On the go: The UBS (UK) Pension and Life Assurance Scheme has extended its longevity swap with Zurich Assurance and Canada Life Assurance Company by £0.5bn.
This is the fund’s second transaction with Zurich and Canada Life, having already entered into a £1.4bn longevity swap with both parties in July 2020.
The longevity swap now covers roughly two-thirds of the pension scheme’s defined benefit liabilities, with around half of the new tranche of the swap relating to deferred members.
According to Mercer Investment Consulting, which acted as the lead commercial and investment adviser for the scheme, the swap was further adapted to cover the scheme’s DB deferred members over age 60, as well as unhedged DB current pensioners.
Richard Hardie, chair of the UBS (UK) Pension and Life Assurance Scheme trustee board, said: “This transaction is a significant milestone in our plan to reduce the uncertainties facing the DB section of our scheme as it approaches maturity.

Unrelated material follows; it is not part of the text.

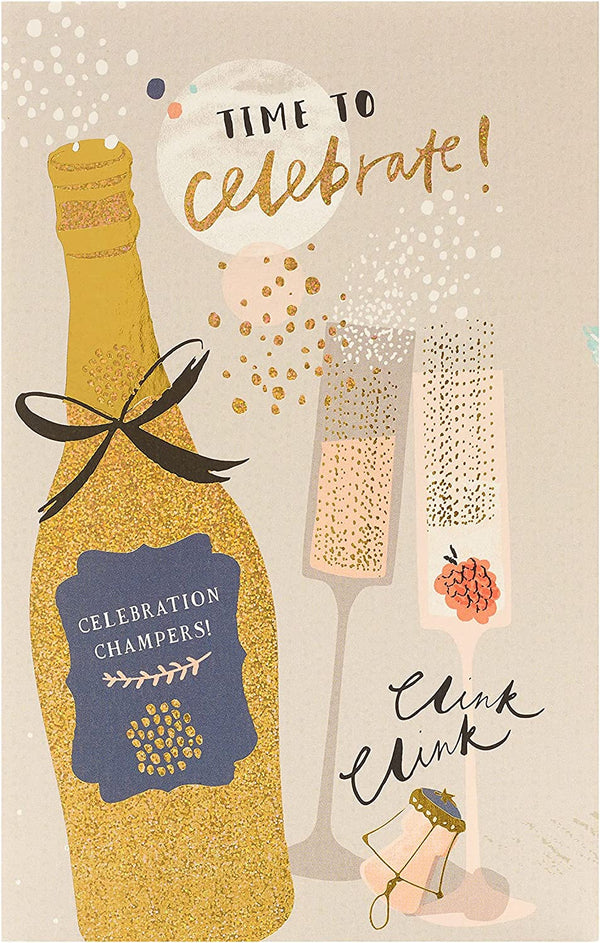 Celebrate with a Time to Celebrate Champagne Birthday Card, a festive greeting card featuring champagne glasses and cheerful design.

“It adds considerably to the security of all DB members’ pensions. The longevity risk attaching to approximately two-thirds of the scheme’s DB liabilities has been removed.”
Allen & Overy acted as legal counsel to the trustee through the transaction. The trustee was also advised by FTI Consulting and Gowling WLG. Canada Life Reinsurance and Zurich took legal advice from Slaughter & May and Pinsent Masons, respectively.